DATASET EXTRACT START
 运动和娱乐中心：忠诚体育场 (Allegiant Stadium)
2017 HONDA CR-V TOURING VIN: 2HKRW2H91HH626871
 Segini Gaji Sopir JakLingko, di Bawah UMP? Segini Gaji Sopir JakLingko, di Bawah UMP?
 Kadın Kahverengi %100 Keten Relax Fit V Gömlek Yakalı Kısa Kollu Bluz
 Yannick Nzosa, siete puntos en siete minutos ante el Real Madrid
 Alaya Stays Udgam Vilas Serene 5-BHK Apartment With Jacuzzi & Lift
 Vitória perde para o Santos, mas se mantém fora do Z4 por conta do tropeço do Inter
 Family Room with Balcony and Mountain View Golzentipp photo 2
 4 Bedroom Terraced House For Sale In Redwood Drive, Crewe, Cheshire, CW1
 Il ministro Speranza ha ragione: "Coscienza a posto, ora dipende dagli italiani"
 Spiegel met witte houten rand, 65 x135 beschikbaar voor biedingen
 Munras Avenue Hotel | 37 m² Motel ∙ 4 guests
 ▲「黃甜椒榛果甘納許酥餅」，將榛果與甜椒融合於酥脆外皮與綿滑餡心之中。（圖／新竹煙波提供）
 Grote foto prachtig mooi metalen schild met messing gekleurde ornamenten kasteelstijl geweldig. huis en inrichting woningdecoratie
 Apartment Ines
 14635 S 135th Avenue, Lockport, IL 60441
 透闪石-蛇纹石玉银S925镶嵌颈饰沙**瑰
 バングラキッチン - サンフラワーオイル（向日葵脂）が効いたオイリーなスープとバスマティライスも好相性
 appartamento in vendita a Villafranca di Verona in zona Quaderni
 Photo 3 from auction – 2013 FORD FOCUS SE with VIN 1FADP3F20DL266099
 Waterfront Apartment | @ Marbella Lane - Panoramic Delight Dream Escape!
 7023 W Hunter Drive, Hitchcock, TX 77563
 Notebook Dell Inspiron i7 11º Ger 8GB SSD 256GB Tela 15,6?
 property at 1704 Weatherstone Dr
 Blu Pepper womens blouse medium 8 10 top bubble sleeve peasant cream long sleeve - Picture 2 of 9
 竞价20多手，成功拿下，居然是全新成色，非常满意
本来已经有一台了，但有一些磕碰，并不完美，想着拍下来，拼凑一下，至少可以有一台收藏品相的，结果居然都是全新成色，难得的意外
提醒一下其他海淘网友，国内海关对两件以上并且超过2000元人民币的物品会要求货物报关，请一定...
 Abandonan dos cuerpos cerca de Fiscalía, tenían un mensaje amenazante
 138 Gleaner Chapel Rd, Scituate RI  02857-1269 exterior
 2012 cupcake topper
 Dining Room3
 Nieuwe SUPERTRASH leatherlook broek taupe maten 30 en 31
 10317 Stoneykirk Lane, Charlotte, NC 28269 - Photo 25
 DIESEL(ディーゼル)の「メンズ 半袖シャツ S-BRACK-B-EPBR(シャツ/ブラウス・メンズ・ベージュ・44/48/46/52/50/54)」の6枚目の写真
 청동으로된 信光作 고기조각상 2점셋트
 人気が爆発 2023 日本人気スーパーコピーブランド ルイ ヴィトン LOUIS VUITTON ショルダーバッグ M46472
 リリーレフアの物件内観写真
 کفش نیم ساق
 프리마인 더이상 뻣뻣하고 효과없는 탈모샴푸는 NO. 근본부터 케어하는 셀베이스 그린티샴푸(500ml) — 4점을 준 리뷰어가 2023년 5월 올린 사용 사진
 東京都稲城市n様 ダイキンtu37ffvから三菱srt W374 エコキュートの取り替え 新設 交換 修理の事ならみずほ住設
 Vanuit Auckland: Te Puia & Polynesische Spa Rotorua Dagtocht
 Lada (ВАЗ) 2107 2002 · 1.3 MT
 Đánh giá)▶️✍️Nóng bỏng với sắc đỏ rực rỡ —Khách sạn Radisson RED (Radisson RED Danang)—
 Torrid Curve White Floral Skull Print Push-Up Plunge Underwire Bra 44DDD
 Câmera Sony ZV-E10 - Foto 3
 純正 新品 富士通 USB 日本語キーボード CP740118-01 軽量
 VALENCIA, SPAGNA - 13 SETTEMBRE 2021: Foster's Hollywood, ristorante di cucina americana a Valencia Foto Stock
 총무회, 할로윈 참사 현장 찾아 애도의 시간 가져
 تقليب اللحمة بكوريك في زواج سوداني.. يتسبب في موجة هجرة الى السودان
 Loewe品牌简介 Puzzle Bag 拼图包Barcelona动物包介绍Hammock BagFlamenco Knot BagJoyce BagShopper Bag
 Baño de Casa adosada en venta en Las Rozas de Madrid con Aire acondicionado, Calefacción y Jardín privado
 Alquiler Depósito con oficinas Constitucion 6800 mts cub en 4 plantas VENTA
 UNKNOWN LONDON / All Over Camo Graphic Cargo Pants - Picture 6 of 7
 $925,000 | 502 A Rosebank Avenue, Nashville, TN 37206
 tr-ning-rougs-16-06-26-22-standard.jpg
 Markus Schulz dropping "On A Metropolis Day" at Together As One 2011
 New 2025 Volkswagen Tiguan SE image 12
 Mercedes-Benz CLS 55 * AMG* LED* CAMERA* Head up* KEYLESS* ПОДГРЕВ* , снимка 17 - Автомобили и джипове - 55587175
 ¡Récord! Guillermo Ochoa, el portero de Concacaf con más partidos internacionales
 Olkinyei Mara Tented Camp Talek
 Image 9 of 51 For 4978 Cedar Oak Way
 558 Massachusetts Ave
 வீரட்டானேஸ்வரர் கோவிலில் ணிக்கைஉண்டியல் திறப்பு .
DATASET EXTRACT END
→ **YOUR OBJECTIVE**
Look through the data and gather every line with the string "Drive" in it.

→ **SOLUTION BELOW**
 4 Bedroom Terraced House For Sale In Redwood Drive, Crewe, Cheshire, CW1
 7023 W Hunter Drive, Hitchcock, TX 77563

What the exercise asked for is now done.